===========================================================================
Migrate a MySQL/MariaDB database to Open Telekom Cloud RDS with Apache NiFi
===========================================================================
`Apache NiFi `__ (**nye-fye**) is a project from the Apache Software Foundation aiming
to automate the flow of data between systems in form of workflows. It supports powerful and scalable directed graphs
of data routing, transformation, and system mediation logic. We are going to utilize these features in order to
consolidate all the manual, mundane and error prone steps of an on-premises MySQL/MariaDb database migration
to Open Telekom Cloud RDS in a form of a highly scalable workflow.
.. note::
Historically, NiFi is based on the "*NiagaraFiles*", a system that was developed by the US National Security Agency (NSA).
It was open-sourced as a part of NSA's technology transfer program in 2014.
Overview
========
With zero cost in 3rd party components and in less than 15 minutes we are going to transform a highly error prone and
demanding use-case, as the migration of an MySQL or MariaDB to the cloud, to a fully automated, repeatable and scalable procedure.
.. figure:: https://architecture-center-poc-images.obs.eu-de.otc.t-systems.com/rds-migration/placeholder-image.jpg
.. image:: https://architecture-center-poc-images.obs.eu-de.otc.t-systems.com/rds-migration/SCR-20221004-etc.png
:target: https://docs.otc.t-systems.com/en-us/usermanual/rds/en-us_topic_dashboard.html
:alt: Relational Database Service (RDS)
.. image:: https://architecture-center-poc-images.obs.eu-de.otc.t-systems.com/rds-migration/SCR-20221004-etn.png
:target: https://docs.otc.t-systems.com/en-us/usermanual/rds/en-us_topic_dashboard.html
.. image:: https://architecture-center-poc-images.obs.eu-de.otc.t-systems.com/rds-migration/SCR-20221004-f0m.png
:target: https://docs.otc.t-systems.com/en-us/usermanual/rds/en-us_topic_dashboard.html
.. image:: https://architecture-center-poc-images.obs.eu-de.otc.t-systems.com/rds-migration/SCR-20221004-f0q.png
:target: https://docs.otc.t-systems.com/en-us/usermanual/rds/en-us_topic_dashboard.html
.. image:: https://architecture-center-poc-images.obs.eu-de.otc.t-systems.com/rds-migration/SCR-20221004-f0u.png
:target: https://docs.otc.t-systems.com/en-us/usermanual/rds/en-us_topic_dashboard.html
.. seealso::
`Github Repository `_
`Apache Nifi Workflow Template `_
Provision a MySQL instance in RDS
==================================
If you don't have an RDS instance in place, let's create one in order to demonstrace this use-case.

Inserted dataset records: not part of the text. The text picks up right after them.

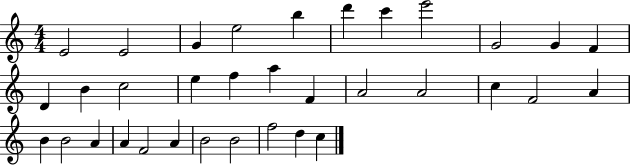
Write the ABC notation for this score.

X:1
T:Untitled
M:4/4
L:1/4
K:C
E2 E2 G e2 b d' c' e'2 G2 G F D B c2 e f a F A2 A2 c F2 A B B2 A A F2 A B2 B2 f2 d c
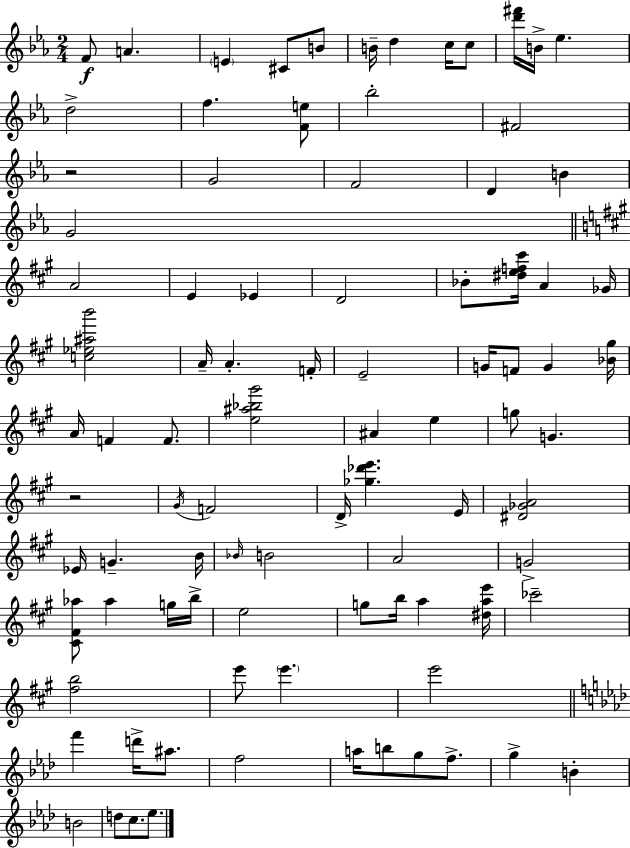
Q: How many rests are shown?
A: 2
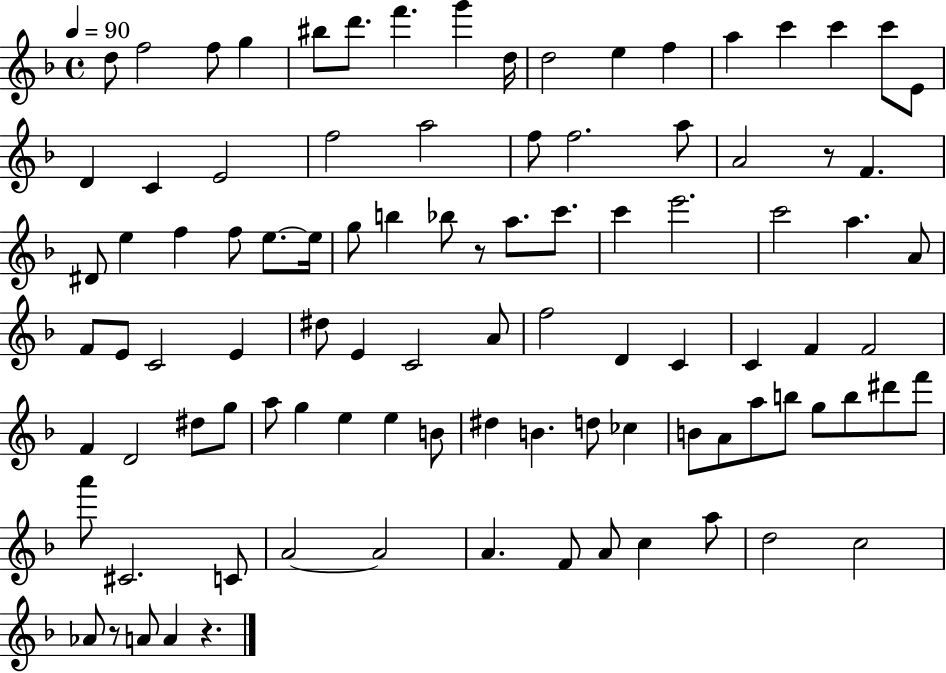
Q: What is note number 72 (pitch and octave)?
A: A4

Under Relational Database Service in Open Telekom Cloud Console,
.. figure:: https://architecture-center-poc-images.obs.eu-de.otc.t-systems.com/rds-migration/SCR-20221004-fw6.png
choose *Create DB Instance* and go through the creation wizard:
.. figure:: https://architecture-center-poc-images.obs.eu-de.otc.t-systems.com/rds-migration/SCR-20220926-9b5.png
1. Choose the basic details of your database engine. You need to stick for this use-case to MySQL engine v8.0.
Whether you create a single instance database or a replicated one with primary and standby instances is fairly
irrelevant in regards to our use-case.
.. figure:: https://architecture-center-poc-images.obs.eu-de.otc.t-systems.com/rds-migration/SCR-20220926-9c5.png
2. Create a new Security Group that will allow port 3306 in its inbound ports, and assign this Security Group
as Security Group of the ECS instances of your database (still in the database creation wizard)

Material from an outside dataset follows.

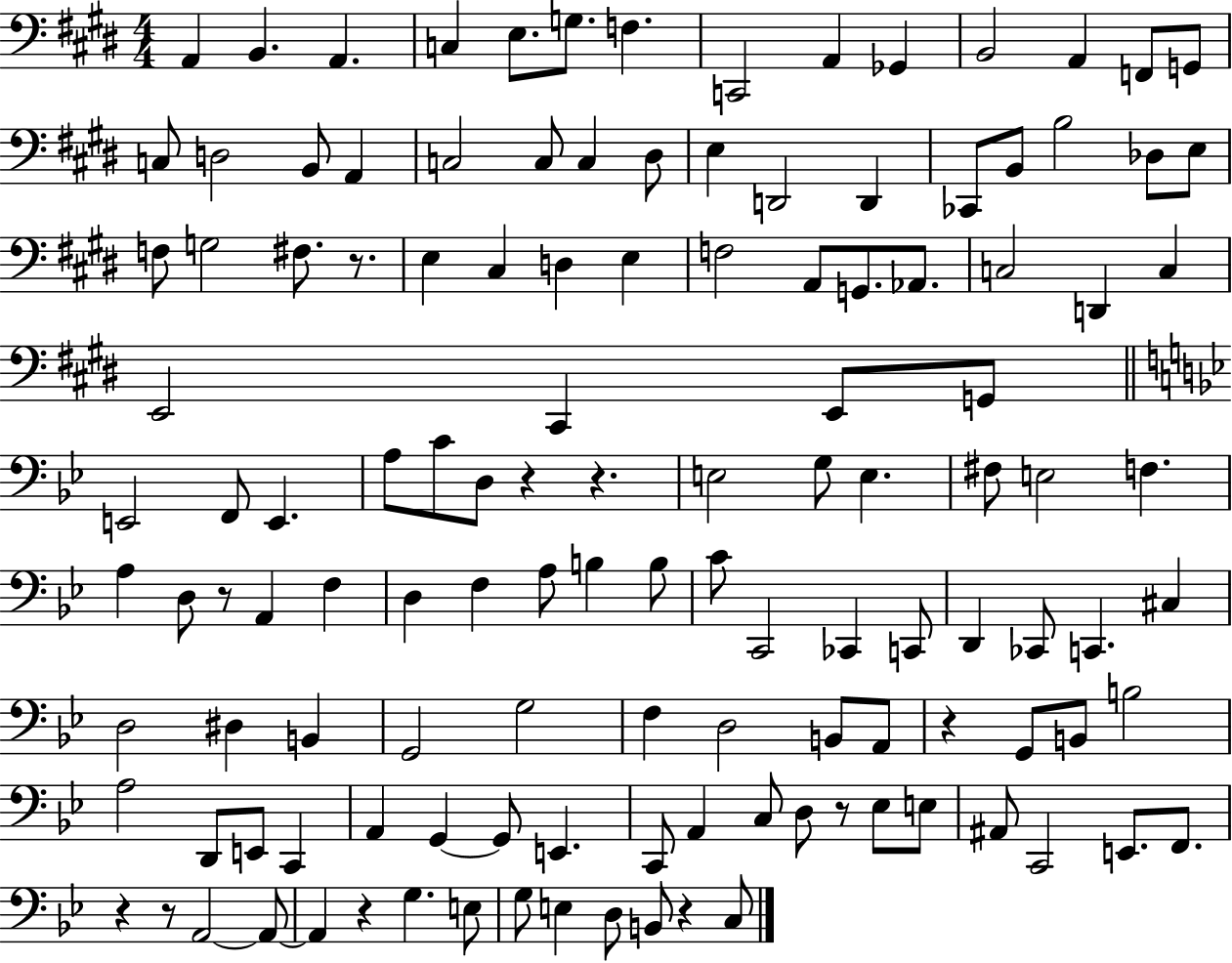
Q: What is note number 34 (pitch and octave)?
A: E3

.. figure:: https://architecture-center-poc-images.obs.eu-de.otc.t-systems.com/rds-migration/SCR-20220926-9d4.png
.. figure:: https://architecture-center-poc-images.obs.eu-de.otc.t-systems.com/rds-migration/SCR-20220926-9h7.png
3. After the database is successfully created, enable SSL support:
.. warning::
It's not recommended transfering production data without having SSL enalbed
Provision an Apache Nifi Server
================================
We are going to deploy the Apache NiFi server as a **docker container** using the following command
(replace first the required credentials with the ones of your choice):
.. code-block:: shell
docker run --name nifi \
-p 8443:8443 \
-d \
-e SINGLE_USER_CREDENTIALS_USERNAME={{USERNAME}} \
-e SINGLE_USER_CREDENTIALS_PASSWORD={{PASSWORD}} \
apache/nifi:latest
and then open your browser and navigate to the following URL address:
.. code-block:: shell
https://localhost:8443/nifi/
enter your credentials and you will land on an empty workflow canvas:
.. figure:: https://architecture-center-poc-images.obs.eu-de.otc.t-systems.com/rds-migration/SCR-20220810-lt4.png
Create the migration workflow
=============================
1. Add a **Processor** of type **GenerateFlowFile**, as the entry point of our workflow (as is instructed in the following picture):
.. figure:: https://architecture-center-poc-images.obs.eu-de.otc.t-systems.com/rds-migration/SCR-20220810-lvz.png
2. Add a **Processor** of type **ExecuteStreamCommand**, as the step that will dump and export our source database — and call it ExportMysqlDump:
.. figure:: https://architecture-center-poc-images.obs.eu-de.otc.t-systems.com/rds-migration/SCR-20220810-m0k.png
and let’s configure the external command we want this component to execute:
.. figure:: https://architecture-center-poc-images.obs.eu-de.otc.t-systems.com/rds-migration/SCR-20220810-m2m.png
go to **Properties** from the tab menu:
.. figure:: https://architecture-center-poc-images.obs.eu-de.otc.t-systems.com/rds-migration/SCR-20220810-m44.png
As **Command Path** set :
.. code-block:: shell
/usr/bin/mysqldump
and as **Command Arguments** fill in the mysql-client arguments, but separated by a semicolon
(replace the highlighted values with your own):
.. code-block:: shell
-u;root;-P;3306;-h;{{HOSTNAME_OR_CONTAINER_IP}};-p{{PASSWORD}};
--databases;employees;--routines;--triggers;--single-transaction;
--order-by-primary;--gtid;--force
Connect the two Processors by dragging a connector line from the first to the latter.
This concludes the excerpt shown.